Initially, the root-mean-square (RMS) velocity of $$N_2$$ molecules at certain temperature is u. If this temperature is doubled and all the nitrogen molecules dissociate into nitrogen atoms, then the new RMS velocity will be:

We begin with the well-known expression for the root-mean-square (RMS) speed of an ideal-gas species:

$$u_{\text{rms}}=\sqrt{\dfrac{3RT}{M}}$$

Here $$R$$ is the universal gas constant, $$T$$ is the absolute temperature and $$M$$ is the molar mass of the gas whose molecules (or atoms) are moving.

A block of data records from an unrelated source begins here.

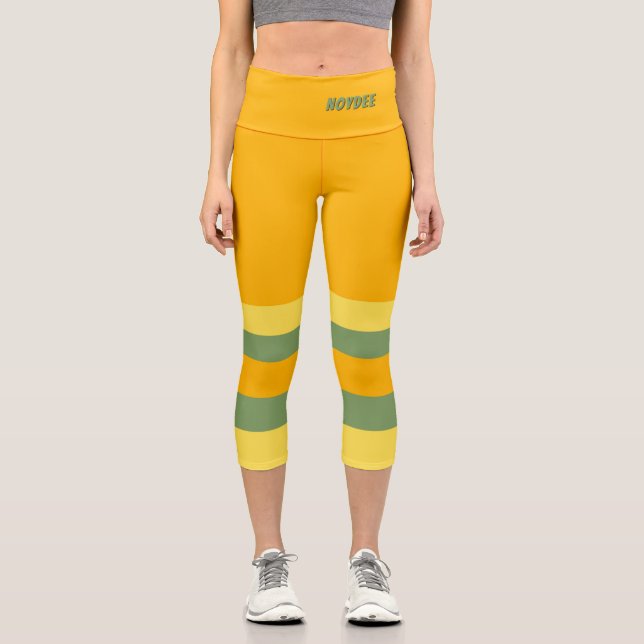 Half and Stripes Horizontal Orange Yellow Green Capri Leggings (Vorderseite)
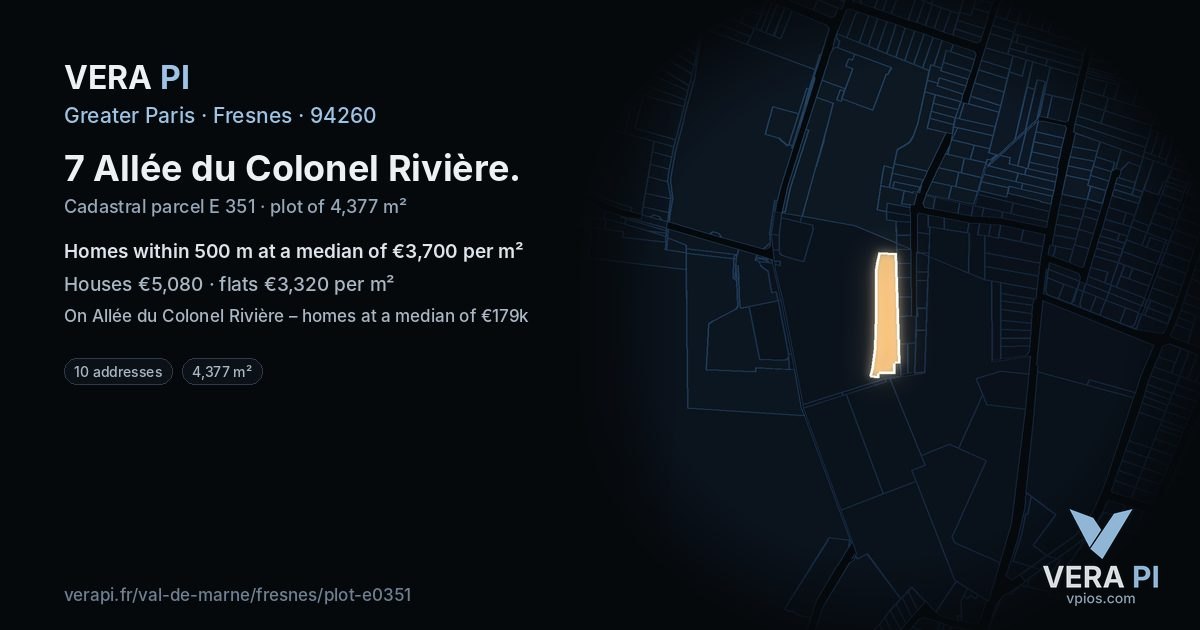 7 Allée du Colonel Rivière, Fresnes at night – the plot lit, the parcels around coloured by the prices near them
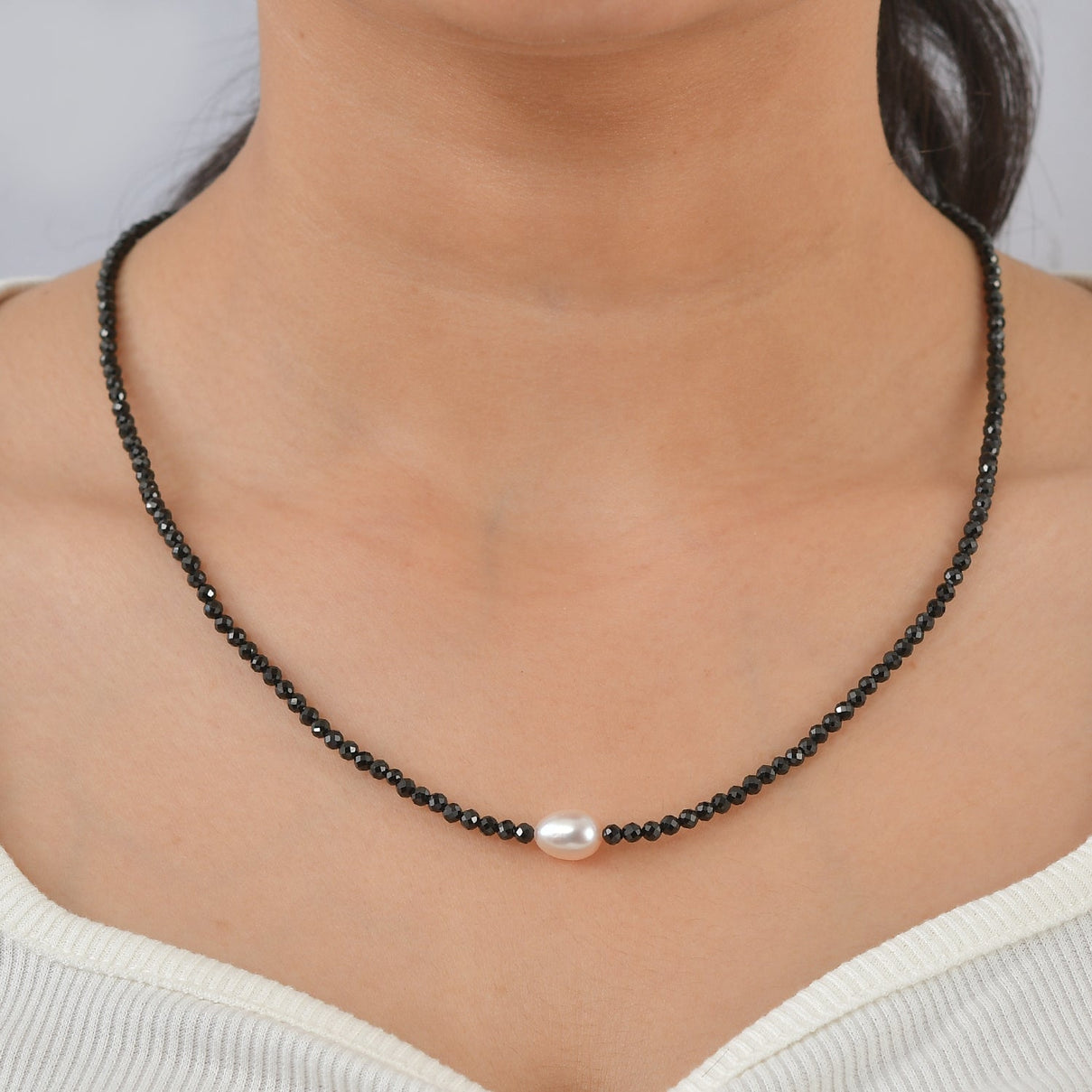 Black Spinel &amp; Fresh Water Pearl Beads Necklace (Size - 20-2 Ext) 45.00 Ct. V32355818 2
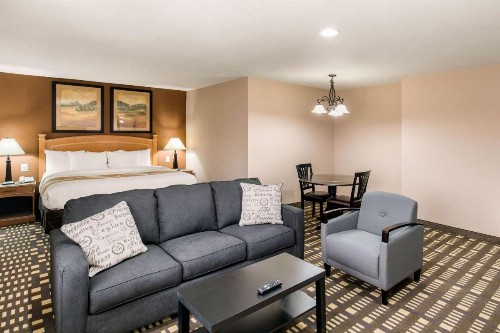 Quality Inn & Suites Plano - image 35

For the given nitrogen gas $$N_2$$ at the initial temperature $$T$$, its RMS speed is stated to be $$u$$. Therefore, using the formula, we may write

$$u=\sqrt{\dfrac{3RT}{M_1}}$$

where $$M_1$$ is the molar mass of molecular nitrogen. Molecular nitrogen contains two nitrogen atoms, each of atomic mass $$14\ \text{g mol}^{-1}$$, so

$$M_1=28\ \text{g mol}^{-1}=28\times10^{-3}\ \text{kg mol}^{-1}.$$

Now the temperature is doubled, so it becomes $$2T$$, and simultaneously every $$N_2$$ molecule dissociates completely into two separate nitrogen atoms. After dissociation we are dealing with atomic nitrogen, whose molar mass is

$$M_2=14\ \text{g mol}^{-1}=14\times10^{-3}\ \text{kg mol}^{-1}.$$

The RMS speed under the new conditions is therefore

$$u'=\sqrt{\dfrac{3R(2T)}{M_2}}.$$

To find the ratio of the new speed to the old speed we divide the two expressions:

$$\dfrac{u'}{u}=\dfrac{\sqrt{\dfrac{3R(2T)}{M_2}}}{\sqrt{\dfrac{3RT}{M_1}}}.$$

Because the common factor $$3R$$ appears under both radicals, it cancels out. Hence we simplify step by step:

$$\dfrac{u'}{u}=\sqrt{\dfrac{2T}{M_2}}\;\Bigg/\;\sqrt{\dfrac{T}{M_1}} =\sqrt{\dfrac{2T}{M_2}\times\dfrac{M_1}{T}} =\sqrt{\dfrac{2M_1}{M_2}}.$$

Now substitute the numerical molar masses:

$$\dfrac{u'}{u}=\sqrt{\dfrac{2\times28}{14}} =\sqrt{\dfrac{56}{14}} =\sqrt{4} =2.$$

Thus

$$u' = 2u.$$

Hence, the correct answer is Option A.